### EXERCISE DESCRIPTION
In the listing below, find the line containing "WIO - Accents" and the line containing "Linde H45D-02-394 EVO Дизельні навантажувачі". Repeat exactly those two lines and every line between them.
START THE DATA
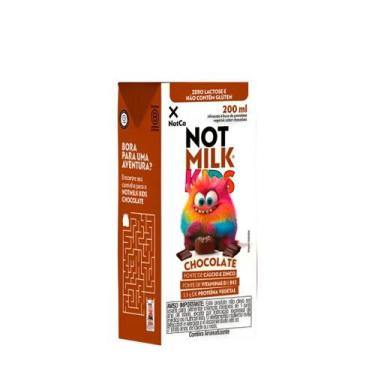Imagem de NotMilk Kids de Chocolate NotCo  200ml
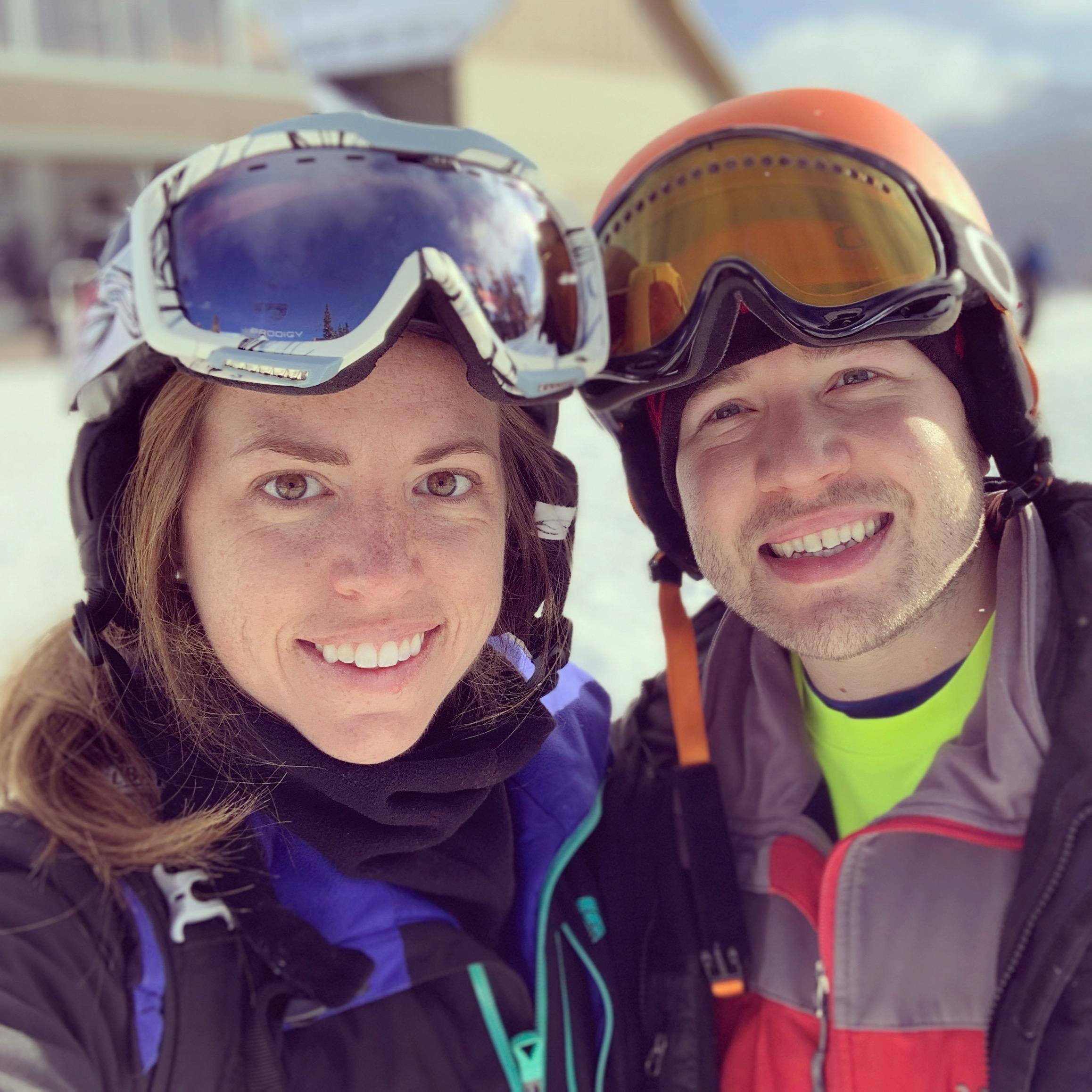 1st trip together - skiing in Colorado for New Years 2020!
END THE DATA
START THE DATA
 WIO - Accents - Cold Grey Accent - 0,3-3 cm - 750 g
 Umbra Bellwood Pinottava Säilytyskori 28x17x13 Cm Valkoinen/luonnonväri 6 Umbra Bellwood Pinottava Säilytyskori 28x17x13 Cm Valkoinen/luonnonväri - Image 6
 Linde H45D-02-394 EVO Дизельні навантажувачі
END THE DATA
### SOLVED EXERCISE
 WIO - Accents - Cold Grey Accent - 0,3-3 cm - 750 g
 Umbra Bellwood Pinottava Säilytyskori 28x17x13 Cm Valkoinen/luonnonväri 6 Umbra Bellwood Pinottava Säilytyskori 28x17x13 Cm Valkoinen/luonnonväri - Image 6
 Linde H45D-02-394 EVO Дизельні навантажувачі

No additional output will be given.